Turkey’s social media law is expected to take effect in October. The new law, adopted by the Turkish parliament on 29 July, curtails human rights online for over one million of users. Major social media companies, including Facebook, Twitter, and YouTube, will be required to have a legal representative in Turkey and must remove content deemed “offensive” within 48 hours.
What’s in the New Law?
The new law imposes strict rules on social media platforms that are active in Turkey. To begin with, the law gives Turkish authorities greater power to regulate social media. If a social media company is issued with a notification of “illegal content” they must remove the content from their platform within 48 hours.
Additionally, social media platforms with over one million users – such as Twitter and Facebook – must have at least one social media representative in Turkey. This representative must have Turkish citizenship and be a resident in Turkey. Their contact details must also be included on the website. Furthermore, social media providers will be required to store domestic user data in Turkey.
Companies that do not comply with the new rules face five stages of escalating penalties, including fines, advertising bans, and bandwidth restrictions of up to 90%, essentially making them inaccessible. If companies fail to remove content deemed “offensive” within 48 hours, they also risk fines of up to 10 million lira ($1.5 million).
History of Internet Blockades
The law has been piloted through parliament by Prime Minister Erdoğan’s AK party and the Turkish nationalist party MHP. The government defends the bill and claims it is aimed at protecting social media users in Turkey. “The bill aims to protect the basic rights and freedoms of citizens and to get ahead of the disinformation,” ruling Justice and Development Party deputy chairman Mahir Unal said.
Turkey has a bad reputation when it comes to censoring content and imposing internet blockades. In August 2016, the Turkish government blocked Facebook, Twitter, YouTube and Vimeo, for allowing critical social media posts about Prime Minister Erdoğan. In October 2019, the Prime Minister blocked Facebook, Twitter and WhatsApp for users along the Syrian border. This was during a military operation to expel the Kurds from the border region.
The long-lasting blockade of Wikipedia finally came to an end at the beginning of this year. It lasted 991 days. The restrictions were imposed following the publication of an article on state-sponsored terrorism, that accused Turkey of being a sponsor country for ISIS and Al-Qaeda, which Turkish courts viewed as a public manipulation of mass media.
Deep Concerns about Censorship and Free Speech
Civil rights movements are deeply concerned about the new Turkish legislation. According to Amnesty International, the law is a “brutal attack” on the freedom of expression. “This is a clear violation of the right to freedom of expression online and contravenes international human rights law and standards,” said Amnesty International’s Turkey specialist Andrew Gardner.

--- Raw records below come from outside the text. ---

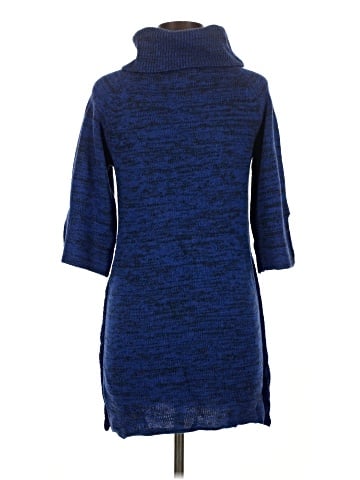 Alyn Paige Poncho (view 2)
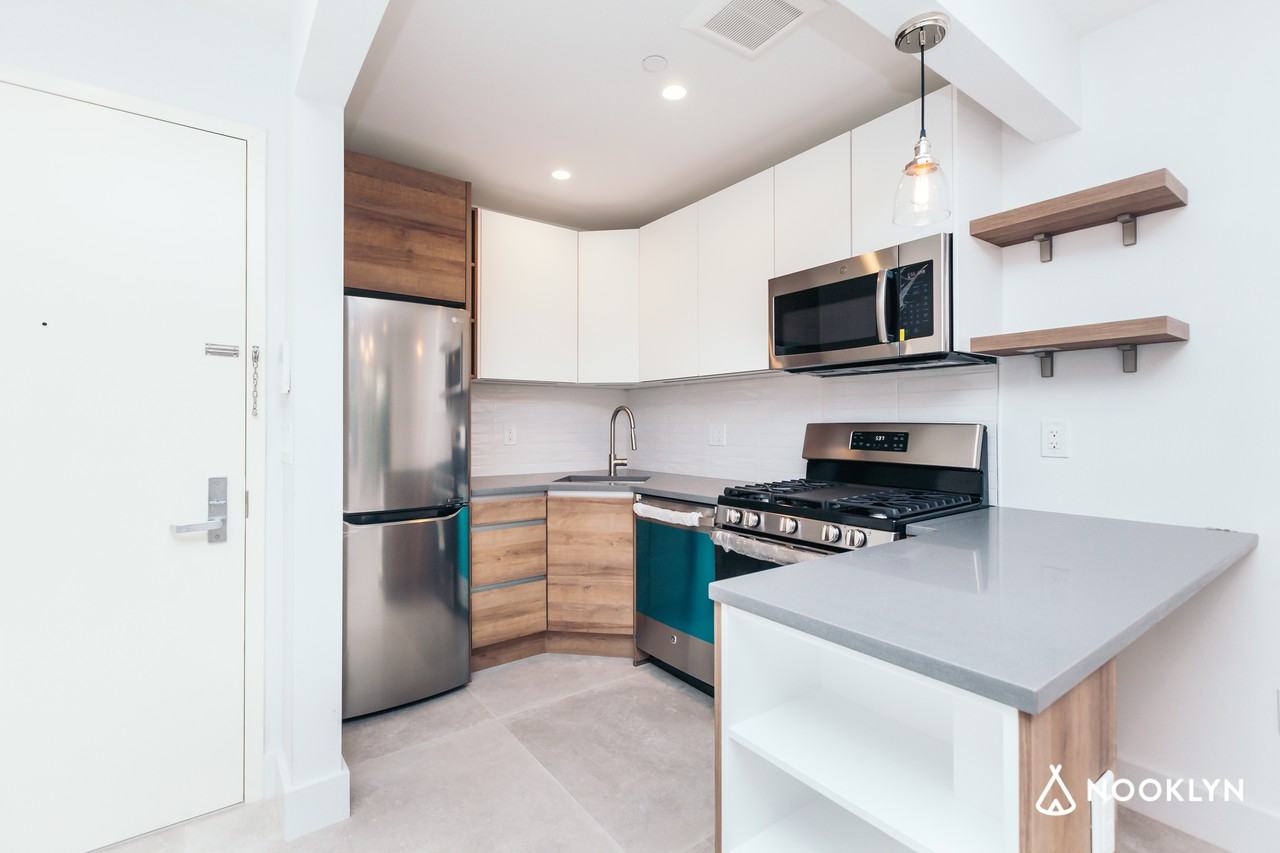 851 Madison Street #27CI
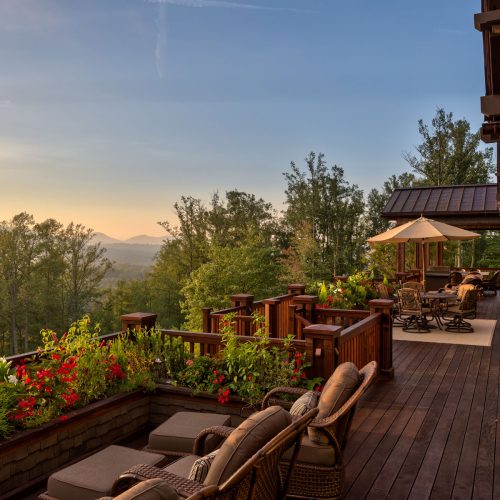 luxury-mountain-home-deck-views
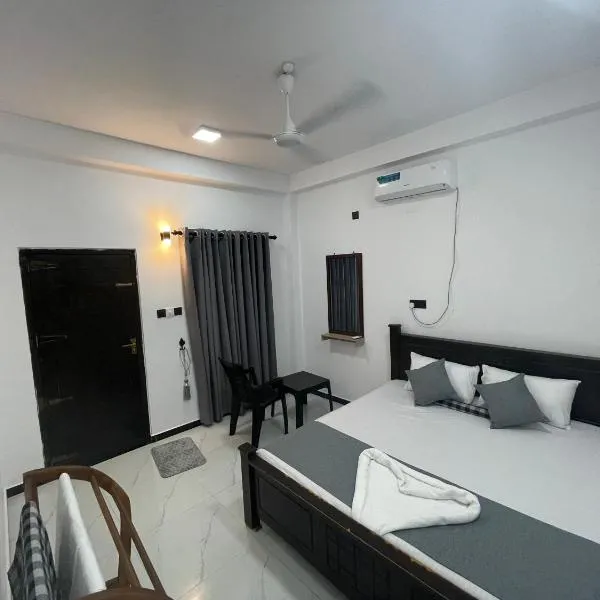 NRT Beach Hotel, hotel en Trincomalee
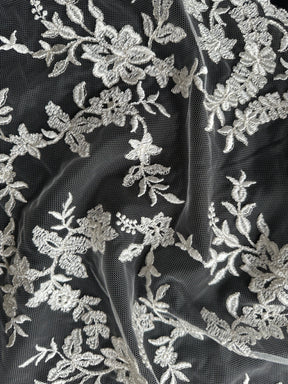 Dentelle brodée ivoire - P651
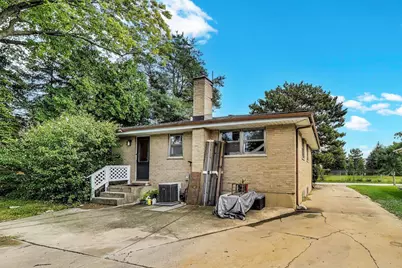 738 N Parker Street, Elmhurst, IL 60126 - Photo 18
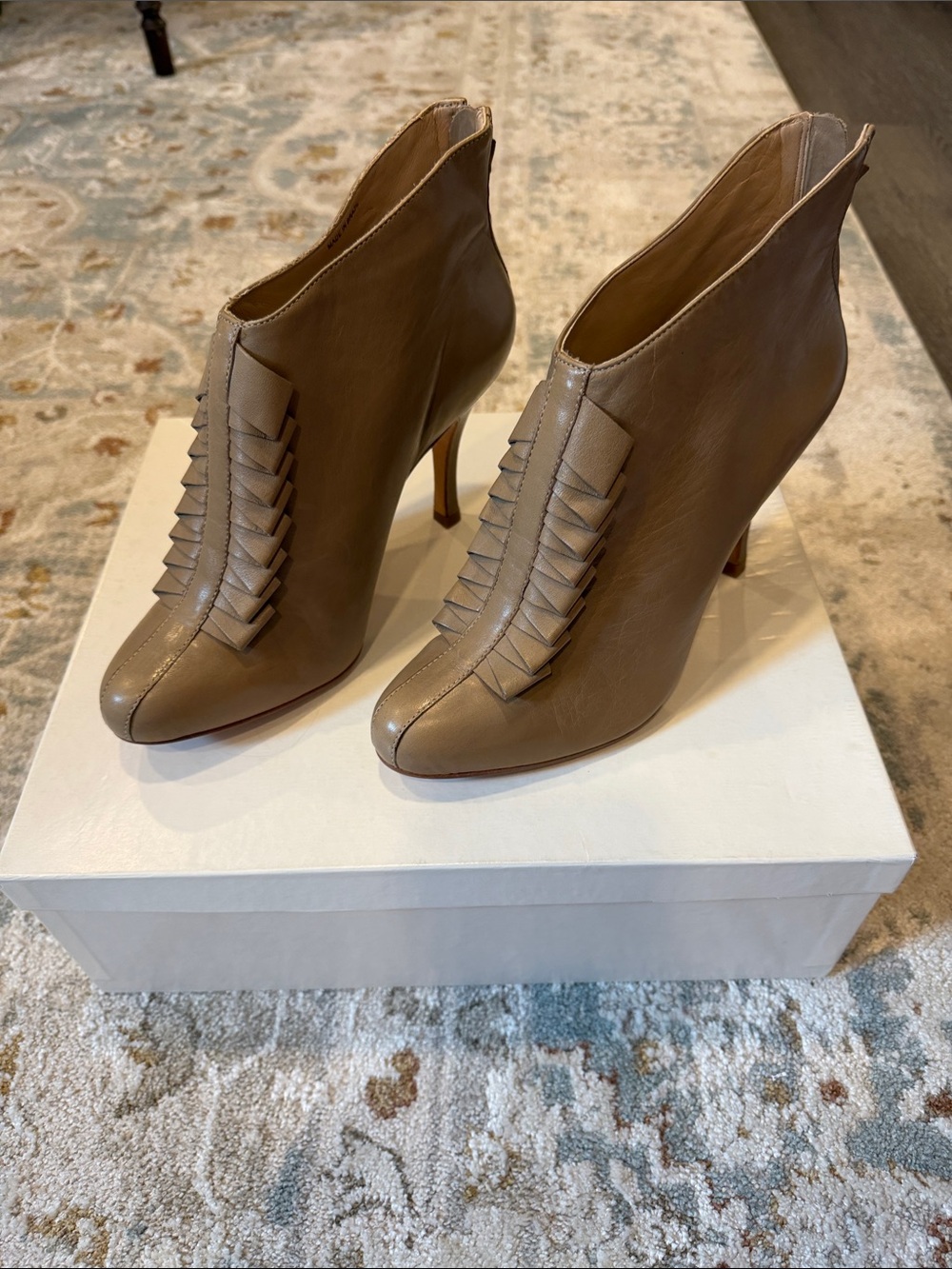 NWT! Pour La Victoire “Cassandra” Taupe Leather Stiletto Bootie Sz 8.5
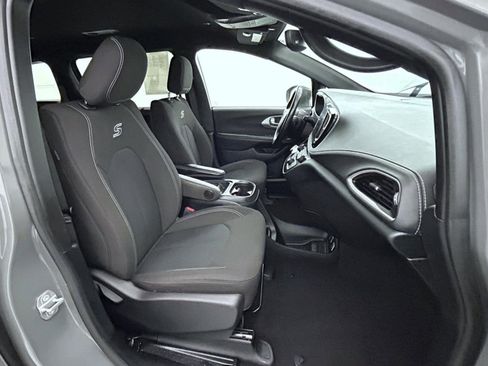 Used 2021 Chrysler Pacifica Touring w/ S Appearance Package image 15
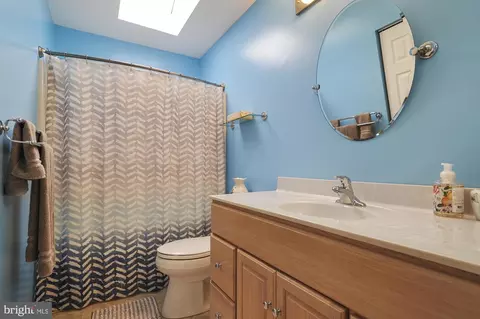 Bath - 17 Lordship Ln, Dover, DE 19901 photo 3 of 3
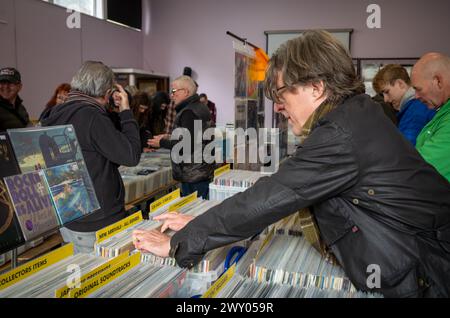 Auf der Plattenmesse einer Enthusiasten in Totnes, Devon, Großbritannien, stöbern Männer durch Schallplatten. Stockfoto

Tom Porteous, deputy program director at Human Rights Watch, commented: “The new law will enable the government to control social media, to get content removed at will, and to arbitrarily target individual users. Social media is a lifeline for many people who use it to access news, so this law signals a new dark era of online censorship.”
Adrian Shahbaz, director for technology and democracy at Freedom House, issued the following statement: “This is a dramatic escalation of internet regulation in Turkey. Under this law, Turkish authorities are aiming to coerce social media companies to comply with censorship and surveillance. It’s not about protecting users—there are better ways to achieve that—this is about governments gaining new powers to police what people say and how they say it.”
Declining Internet Freedom
Statistics show Facebook, Twitter, Google+ and YouTube are the most popular social media platforms in Turkey. All platforms are generally increasing their reach, despite the fact that users may find their posts removed at a higher rate than in most other countries.
In 2019, Turkish authorities blocked access to over 400,000 websites, 7,000 Twitter accounts and 10,000 YouTube videos, according to a recent report from the Freedom of Expression Association. 54 million people in the country of 84 million are active social media users. Some Turkish citizens are trying to get around internet censorship by using a VPN service. However, this is getting more and more difficult, as the government continues to attempt to restrict access to popular VPN services.